● YOUR OBJECTIVE
Pictures aside, return every line below exactly as written.

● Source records
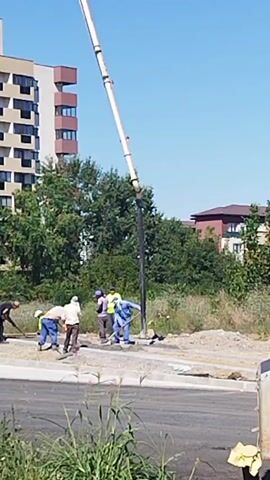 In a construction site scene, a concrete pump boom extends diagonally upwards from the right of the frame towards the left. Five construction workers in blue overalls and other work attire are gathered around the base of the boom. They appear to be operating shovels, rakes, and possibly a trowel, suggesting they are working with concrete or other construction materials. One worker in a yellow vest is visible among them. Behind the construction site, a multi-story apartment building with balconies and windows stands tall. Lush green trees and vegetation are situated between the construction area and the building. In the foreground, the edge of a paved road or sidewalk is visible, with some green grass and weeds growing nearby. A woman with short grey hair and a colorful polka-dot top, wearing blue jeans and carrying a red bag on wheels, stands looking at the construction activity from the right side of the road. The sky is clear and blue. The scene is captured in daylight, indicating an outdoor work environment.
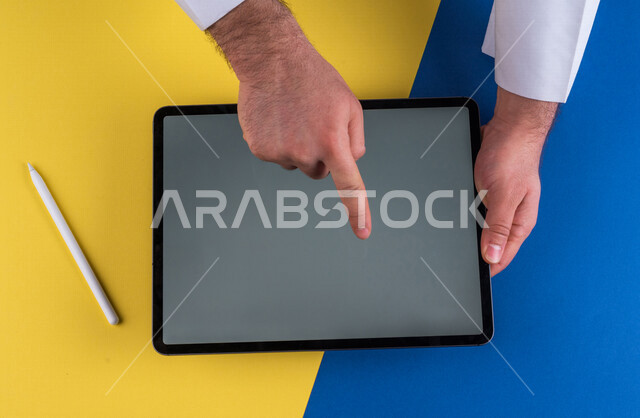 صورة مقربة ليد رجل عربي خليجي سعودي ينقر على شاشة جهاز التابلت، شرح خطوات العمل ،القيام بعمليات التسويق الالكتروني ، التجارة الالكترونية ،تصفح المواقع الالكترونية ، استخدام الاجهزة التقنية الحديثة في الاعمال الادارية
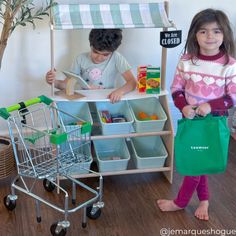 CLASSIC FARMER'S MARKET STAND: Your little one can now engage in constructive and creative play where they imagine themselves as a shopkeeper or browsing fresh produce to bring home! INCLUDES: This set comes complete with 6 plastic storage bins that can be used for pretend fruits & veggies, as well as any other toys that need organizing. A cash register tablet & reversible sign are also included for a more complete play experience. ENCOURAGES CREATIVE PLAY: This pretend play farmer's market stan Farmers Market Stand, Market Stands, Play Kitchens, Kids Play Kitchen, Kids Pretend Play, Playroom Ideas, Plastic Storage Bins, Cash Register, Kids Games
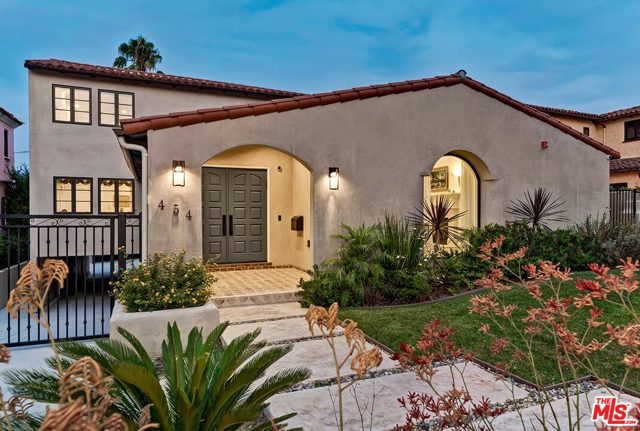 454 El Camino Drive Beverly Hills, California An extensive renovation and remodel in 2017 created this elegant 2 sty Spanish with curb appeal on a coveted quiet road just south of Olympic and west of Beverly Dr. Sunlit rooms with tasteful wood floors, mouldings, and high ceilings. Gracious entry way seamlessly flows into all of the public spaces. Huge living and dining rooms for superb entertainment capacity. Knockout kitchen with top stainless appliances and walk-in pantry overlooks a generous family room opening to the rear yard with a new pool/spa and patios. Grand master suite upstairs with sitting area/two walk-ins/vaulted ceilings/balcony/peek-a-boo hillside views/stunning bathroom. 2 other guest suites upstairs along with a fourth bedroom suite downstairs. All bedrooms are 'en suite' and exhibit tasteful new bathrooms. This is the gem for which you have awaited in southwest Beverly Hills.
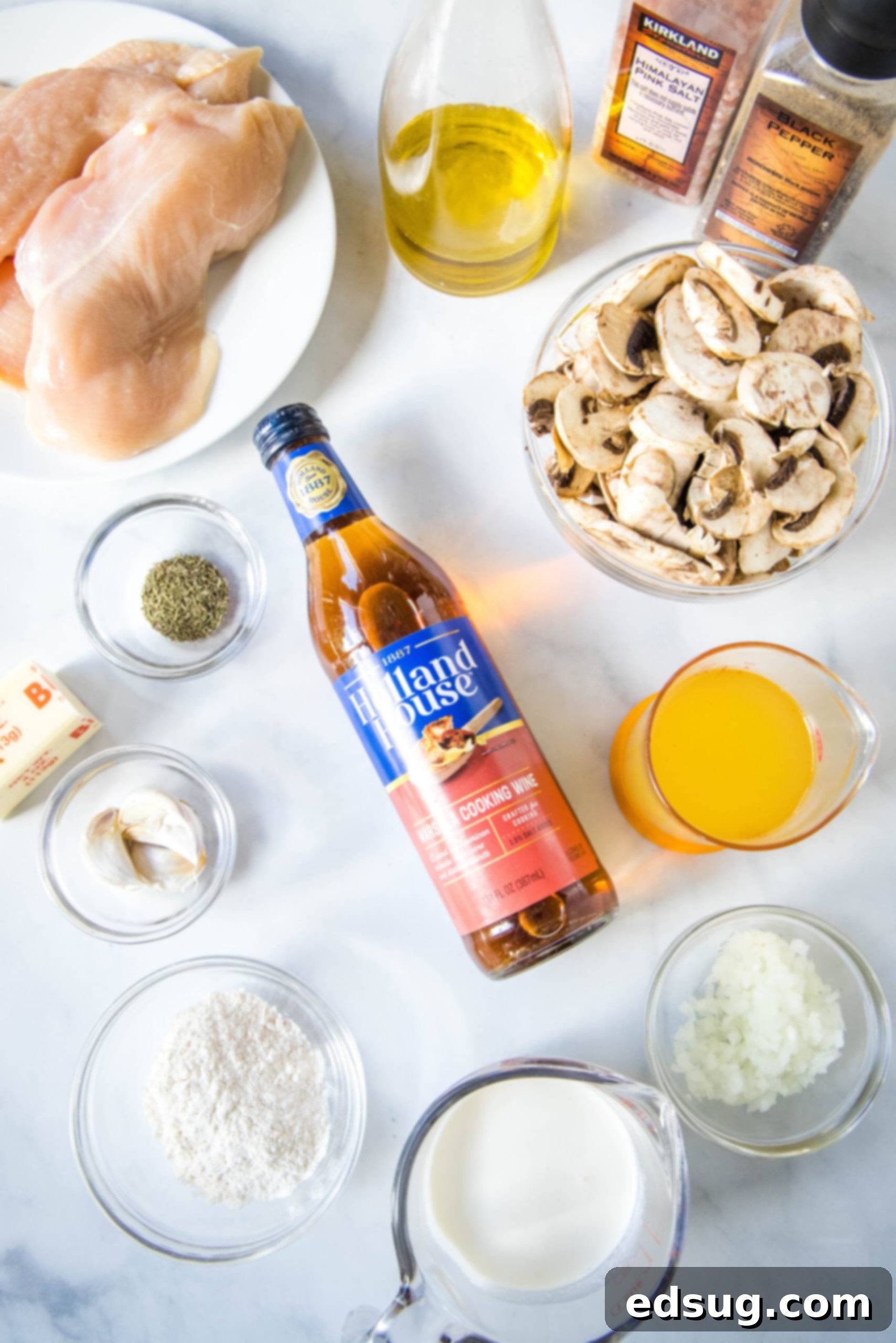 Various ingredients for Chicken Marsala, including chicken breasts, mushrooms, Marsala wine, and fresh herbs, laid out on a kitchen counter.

● EXERCISE RESPONSE
 In a construction site scene, a concrete pump boom extends diagonally upwards from the right of the frame towards the left. Five construction workers in blue overalls and other work attire are gathered around the base of the boom. They appear to be operating shovels, rakes, and possibly a trowel, suggesting they are working with concrete or other construction materials. One worker in a yellow vest is visible among them. Behind the construction site, a multi-story apartment building with balconies and windows stands tall. Lush green trees and vegetation are situated between the construction area and the building. In the foreground, the edge of a paved road or sidewalk is visible, with some green grass and weeds growing nearby. A woman with short grey hair and a colorful polka-dot top, wearing blue jeans and carrying a red bag on wheels, stands looking at the construction activity from the right side of the road. The sky is clear and blue. The scene is captured in daylight, indicating an outdoor work environment.
 صورة مقربة ليد رجل عربي خليجي سعودي ينقر على شاشة جهاز التابلت، شرح خطوات العمل ،القيام بعمليات التسويق الالكتروني ، التجارة الالكترونية ،تصفح المواقع الالكترونية ، استخدام الاجهزة التقنية الحديثة في الاعمال الادارية
 CLASSIC FARMER'S MARKET STAND: Your little one can now engage in constructive and creative play where they imagine themselves as a shopkeeper or browsing fresh produce to bring home! INCLUDES: This set comes complete with 6 plastic storage bins that can be used for pretend fruits & veggies, as well as any other toys that need organizing. A cash register tablet & reversible sign are also included for a more complete play experience. ENCOURAGES CREATIVE PLAY: This pretend play farmer's market stan Farmers Market Stand, Market Stands, Play Kitchens, Kids Play Kitchen, Kids Pretend Play, Playroom Ideas, Plastic Storage Bins, Cash Register, Kids Games
 454 El Camino Drive Beverly Hills, California An extensive renovation and remodel in 2017 created this elegant 2 sty Spanish with curb appeal on a coveted quiet road just south of Olympic and west of Beverly Dr. Sunlit rooms with tasteful wood floors, mouldings, and high ceilings. Gracious entry way seamlessly flows into all of the public spaces. Huge living and dining rooms for superb entertainment capacity. Knockout kitchen with top stainless appliances and walk-in pantry overlooks a generous family room opening to the rear yard with a new pool/spa and patios. Grand master suite upstairs with sitting area/two walk-ins/vaulted ceilings/balcony/peek-a-boo hillside views/stunning bathroom. 2 other guest suites upstairs along with a fourth bedroom suite downstairs. All bedrooms are 'en suite' and exhibit tasteful new bathrooms. This is the gem for which you have awaited in southwest Beverly Hills.
 Various ingredients for Chicken Marsala, including chicken breasts, mushrooms, Marsala wine, and fresh herbs, laid out on a kitchen counter.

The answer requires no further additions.